Nel testo originale ucraino di Ščedryk una rondinella celebra la generosità della natura, fonte di prosperità per l’uomo: è primavera e nell’ovile sono nati gli agnelli. In epoca precristiana era in primavera che iniziava il nuovo anno. Nella versione inglese Carol of the Bells (realizzata nel 1936 dal compositore ucraino-americano Peter Vilhovskij), il suono delle campane celebra la gioia del Natale cristiano. Ščedryk, composizione di Mykola Leontovič (in foto) eseguita da un coro nazionale in missione diplomatica all’estero, è diventata uno dei canti natalizi più noti al mondo.
Nel 1917, dopo la Rivoluzione russa e la fine dell’impero zarista i nazionalisti ucraini nutrirono speranze di libertà e costituirono la Repubblica popolare ucraina. Fu un’esperienza di breve durata, perché nel 1922, dopo innumerevoli disordini e scontri armati, l’Ucraina fu inglobata nell’URSS, come Repubblica socialista sovietica ucraina. Nonostante la guerra civile e l’instabilità istituzionale, in quel breve periodo ci fu chi riuscì a pianificare azioni di diplomazia culturale. Nel 1919 Symon Petljura, allora guida politica della Repubblica popolare ucraina, affidò a un affermato direttore d’orchestra e di cori, Oleksandr Košyc’, l’incarico di creare un coro che facesse conoscere al mondo l’identità e l’aspirazione alla libertà del popolo ucraino. In pochi mesi si completò la selezione dei coristi e la preparazione di un repertorio che fu presentato per la prima volta all’estero al Teatro Nazionale di Praga, dove riscosse un successo strepitoso. Le repliche, sia a Praga sia in altre città ceche, registrarono il tutto esaurito e ottennero da parte dei critici recensioni entusiastiche. Fu poi la volta di Polonia, Francia, Austria, Svizzera, Belgio, Paesi Bassi, Gran Bretagna, Germania e Stati Uniti. Le esibizioni del Coro a cappella della Repubblica ucraina contribuirono a diffondere all’estero un’immagine inedita dell’Ucraina e della sua lotta per la libertà. Sono emblematiche a questo proposito le parole di un critico americano: «Hanno non solo donato al nostro Paese il miglior canto che avessimo mai udito, ma hanno anche inserito l’Ucraina sulla mappa artistica mondiale come nazione innamorata della musica. E tutto ciò quando noi la consideravamo una terra desolata di cosacchi e di agricoltori nomadi» (Clay M. Greene, The San Francisco Journal, 1/02/1924). Mentre il pubblico americano decretava l’inizio della fortuna imperitura di Ščedryk, chi l’aveva composta, Mykola Leontovyč, cadeva vittima della repressione bolscevica, fucilato nel 1921 all’età di quarantatré anni, ignaro del suo successo internazionale.

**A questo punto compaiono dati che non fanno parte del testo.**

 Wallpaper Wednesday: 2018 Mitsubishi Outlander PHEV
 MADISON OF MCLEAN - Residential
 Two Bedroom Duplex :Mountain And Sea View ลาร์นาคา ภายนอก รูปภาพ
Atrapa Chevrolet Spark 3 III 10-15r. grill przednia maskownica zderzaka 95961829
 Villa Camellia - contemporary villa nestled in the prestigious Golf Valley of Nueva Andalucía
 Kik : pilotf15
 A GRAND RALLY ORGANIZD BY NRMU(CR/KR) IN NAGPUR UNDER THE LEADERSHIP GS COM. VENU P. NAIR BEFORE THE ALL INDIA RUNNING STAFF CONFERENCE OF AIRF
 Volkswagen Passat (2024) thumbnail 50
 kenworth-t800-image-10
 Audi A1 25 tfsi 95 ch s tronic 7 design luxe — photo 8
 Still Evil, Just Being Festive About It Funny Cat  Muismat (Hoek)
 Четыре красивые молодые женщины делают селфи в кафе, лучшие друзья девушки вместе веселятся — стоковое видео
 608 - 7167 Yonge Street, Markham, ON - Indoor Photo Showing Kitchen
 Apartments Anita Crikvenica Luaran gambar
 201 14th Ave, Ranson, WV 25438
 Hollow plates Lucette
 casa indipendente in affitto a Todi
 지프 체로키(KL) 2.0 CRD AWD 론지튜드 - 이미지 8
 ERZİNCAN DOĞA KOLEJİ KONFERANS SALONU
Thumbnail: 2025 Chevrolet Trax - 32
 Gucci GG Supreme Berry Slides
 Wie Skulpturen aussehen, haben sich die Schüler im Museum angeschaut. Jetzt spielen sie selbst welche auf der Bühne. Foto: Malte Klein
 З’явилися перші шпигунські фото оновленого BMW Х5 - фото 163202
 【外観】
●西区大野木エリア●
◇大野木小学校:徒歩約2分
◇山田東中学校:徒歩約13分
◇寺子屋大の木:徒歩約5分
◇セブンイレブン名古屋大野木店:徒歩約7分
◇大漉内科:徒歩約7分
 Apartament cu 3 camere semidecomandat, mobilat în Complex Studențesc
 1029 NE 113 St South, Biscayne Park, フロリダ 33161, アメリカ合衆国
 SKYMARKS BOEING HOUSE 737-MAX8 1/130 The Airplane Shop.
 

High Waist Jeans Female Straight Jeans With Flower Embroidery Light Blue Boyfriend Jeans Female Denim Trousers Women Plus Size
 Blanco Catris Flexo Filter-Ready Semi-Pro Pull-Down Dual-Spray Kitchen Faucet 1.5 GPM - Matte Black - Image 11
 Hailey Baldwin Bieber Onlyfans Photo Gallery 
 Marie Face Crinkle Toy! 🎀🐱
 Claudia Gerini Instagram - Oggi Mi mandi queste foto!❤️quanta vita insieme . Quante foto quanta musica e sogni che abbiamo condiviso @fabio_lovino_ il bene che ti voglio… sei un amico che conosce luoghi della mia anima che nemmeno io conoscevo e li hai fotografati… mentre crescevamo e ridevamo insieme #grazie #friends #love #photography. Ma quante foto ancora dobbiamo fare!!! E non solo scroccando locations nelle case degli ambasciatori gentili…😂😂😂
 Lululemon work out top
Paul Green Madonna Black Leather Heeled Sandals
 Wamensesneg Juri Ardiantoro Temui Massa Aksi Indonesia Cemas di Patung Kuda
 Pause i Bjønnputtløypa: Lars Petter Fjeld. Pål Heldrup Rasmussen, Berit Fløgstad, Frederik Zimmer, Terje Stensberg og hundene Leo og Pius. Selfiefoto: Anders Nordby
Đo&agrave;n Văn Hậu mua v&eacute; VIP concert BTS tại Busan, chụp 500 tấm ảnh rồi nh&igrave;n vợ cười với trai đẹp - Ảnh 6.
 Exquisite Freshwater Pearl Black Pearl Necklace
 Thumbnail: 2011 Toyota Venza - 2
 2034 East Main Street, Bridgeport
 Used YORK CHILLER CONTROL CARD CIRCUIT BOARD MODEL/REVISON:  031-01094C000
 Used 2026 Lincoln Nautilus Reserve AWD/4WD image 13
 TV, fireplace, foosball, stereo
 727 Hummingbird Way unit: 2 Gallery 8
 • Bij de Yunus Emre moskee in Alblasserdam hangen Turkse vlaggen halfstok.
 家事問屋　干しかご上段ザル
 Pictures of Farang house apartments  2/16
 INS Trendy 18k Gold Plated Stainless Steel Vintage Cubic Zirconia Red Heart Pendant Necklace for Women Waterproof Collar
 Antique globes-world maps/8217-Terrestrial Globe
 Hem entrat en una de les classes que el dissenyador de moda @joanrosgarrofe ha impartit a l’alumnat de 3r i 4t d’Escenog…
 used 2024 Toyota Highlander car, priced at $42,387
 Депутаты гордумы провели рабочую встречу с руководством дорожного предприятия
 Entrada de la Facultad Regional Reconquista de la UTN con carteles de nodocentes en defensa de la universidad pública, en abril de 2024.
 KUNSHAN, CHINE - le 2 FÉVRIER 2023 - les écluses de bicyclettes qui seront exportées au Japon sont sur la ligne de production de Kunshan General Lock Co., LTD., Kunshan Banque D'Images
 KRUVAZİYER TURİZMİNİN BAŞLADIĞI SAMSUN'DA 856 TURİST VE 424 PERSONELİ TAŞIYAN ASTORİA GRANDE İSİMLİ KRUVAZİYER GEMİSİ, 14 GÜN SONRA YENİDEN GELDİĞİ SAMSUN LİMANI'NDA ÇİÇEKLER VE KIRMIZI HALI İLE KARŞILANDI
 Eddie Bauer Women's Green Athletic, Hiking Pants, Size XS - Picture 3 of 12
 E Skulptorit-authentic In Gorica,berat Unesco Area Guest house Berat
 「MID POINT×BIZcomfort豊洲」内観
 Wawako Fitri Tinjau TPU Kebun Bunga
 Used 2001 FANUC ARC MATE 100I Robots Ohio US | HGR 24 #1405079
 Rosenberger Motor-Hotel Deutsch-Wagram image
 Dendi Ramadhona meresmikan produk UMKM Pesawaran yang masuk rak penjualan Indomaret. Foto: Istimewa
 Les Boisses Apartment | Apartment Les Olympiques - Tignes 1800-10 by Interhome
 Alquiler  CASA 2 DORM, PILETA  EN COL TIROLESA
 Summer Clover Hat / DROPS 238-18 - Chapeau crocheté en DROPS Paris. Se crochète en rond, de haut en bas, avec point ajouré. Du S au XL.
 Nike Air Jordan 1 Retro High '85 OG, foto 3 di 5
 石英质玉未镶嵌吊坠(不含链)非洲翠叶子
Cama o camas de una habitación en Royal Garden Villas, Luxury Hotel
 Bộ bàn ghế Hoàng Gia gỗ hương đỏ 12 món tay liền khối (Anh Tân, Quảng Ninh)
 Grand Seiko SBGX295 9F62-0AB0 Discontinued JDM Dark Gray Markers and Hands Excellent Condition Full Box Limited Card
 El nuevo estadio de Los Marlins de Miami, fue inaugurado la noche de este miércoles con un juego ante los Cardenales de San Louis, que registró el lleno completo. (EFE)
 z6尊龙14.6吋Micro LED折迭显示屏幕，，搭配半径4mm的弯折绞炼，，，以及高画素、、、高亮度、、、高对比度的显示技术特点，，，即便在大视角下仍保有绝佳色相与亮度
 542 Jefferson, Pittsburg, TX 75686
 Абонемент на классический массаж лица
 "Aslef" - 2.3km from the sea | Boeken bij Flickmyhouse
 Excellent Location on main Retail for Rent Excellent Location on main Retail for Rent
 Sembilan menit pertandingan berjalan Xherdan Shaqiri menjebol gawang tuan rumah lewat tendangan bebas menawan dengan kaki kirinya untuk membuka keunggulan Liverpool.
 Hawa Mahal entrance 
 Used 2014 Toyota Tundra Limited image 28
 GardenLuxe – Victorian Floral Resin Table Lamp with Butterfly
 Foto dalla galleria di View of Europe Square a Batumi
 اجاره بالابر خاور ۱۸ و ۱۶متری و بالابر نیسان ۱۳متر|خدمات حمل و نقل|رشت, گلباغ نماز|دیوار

Dopo l’esecuzione da parte del Coro Artistico Russo (1925), Ščedryk fu considerato spesso all’estero come un canto popolare russo, senza alcuna connessione con la cultura ucraina e con il nome del suo compositore. Lo stesso destino ha subito per lungo tempo la lingua ucraina, vittima di una pianificata degradazione a variante dialettale della lingua russa, nell’ambito della politica sovietica di svilimento delle identità culturali nazionali.